Prayer Language

If you’re thinking I am going to talk about speaking in tongues, I’m not. This is a different kind of prayer language. One that does not require a spiritual gift, or an ecstatic experience of divine revelation.

Kelly Prayer Chapel is without a doubt my favorite building on Olivet’s campus. When I lived in Chapman there was never a time when there was absolute silence in the building. There was always some noise going on in the background. In Kelly Prayer Chapel however, there was absolute silence. It’s a great place to escape the worries of schoolwork and anything else that may be on your mind. Even into my sophomore year living in Stratford apartments away from inner-campus I still find myself there quite frequently. The discipline of prayer has always been something that I have strived for. I have always longed to have a strong prayer life. When I went to Argentina on a mission trip this past May, one thing we did was prayer from four in the morning to six in the morning. This level of discipline opened my eyes to the practice of prayer and I can honestly say I haven’t been the same since that trip. Prayer is something not that I strive to do, but an attitude that I strive to maintain with the Lord’s help.

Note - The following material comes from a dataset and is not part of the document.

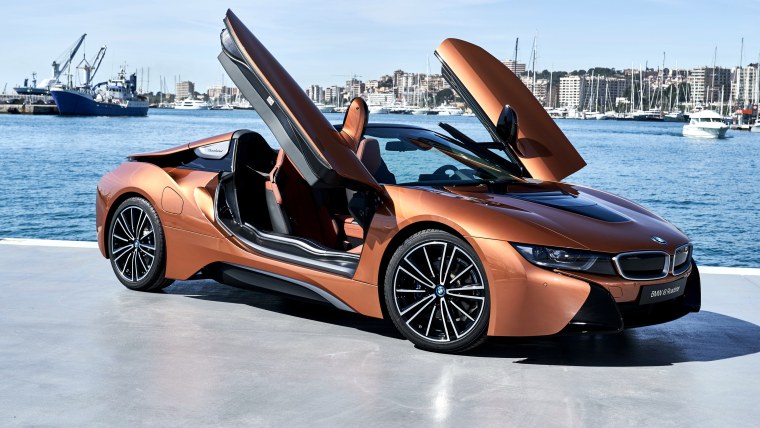 BMW i8 Roadster 2018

This prayer language that I am talking about is something that everyone already has, and sometimes cannot even be put into words. This prayer language is our feelings. Sometimes feelings and emotions can be so intense that there are no words that give them justice. When I encounter something in my life that carries with it intense emotion I often just visualize myself holding those feelings with open hands, presenting them to God. Not necessarily always even with the intention of giving them over to the Lord. This is always a humbling moment for myself because I visualize myself standing before the throne of the Lord in an emotionally vulnerable state, which to me is never exactly fun for me. Sometimes I’m just so caught up in what I am feeling that I just need to show God what it is that I am feeling. Language can’t always do what I need it to do. Sometimes it takes another form of communication to get across what I need to say. Luckily I serve a God who is fluent in all forms of communication. I would encourage and challenge you, the reader, to take up this prayer language because sometimes words aren’t as accurate, honest, or as descriptive as we think they are.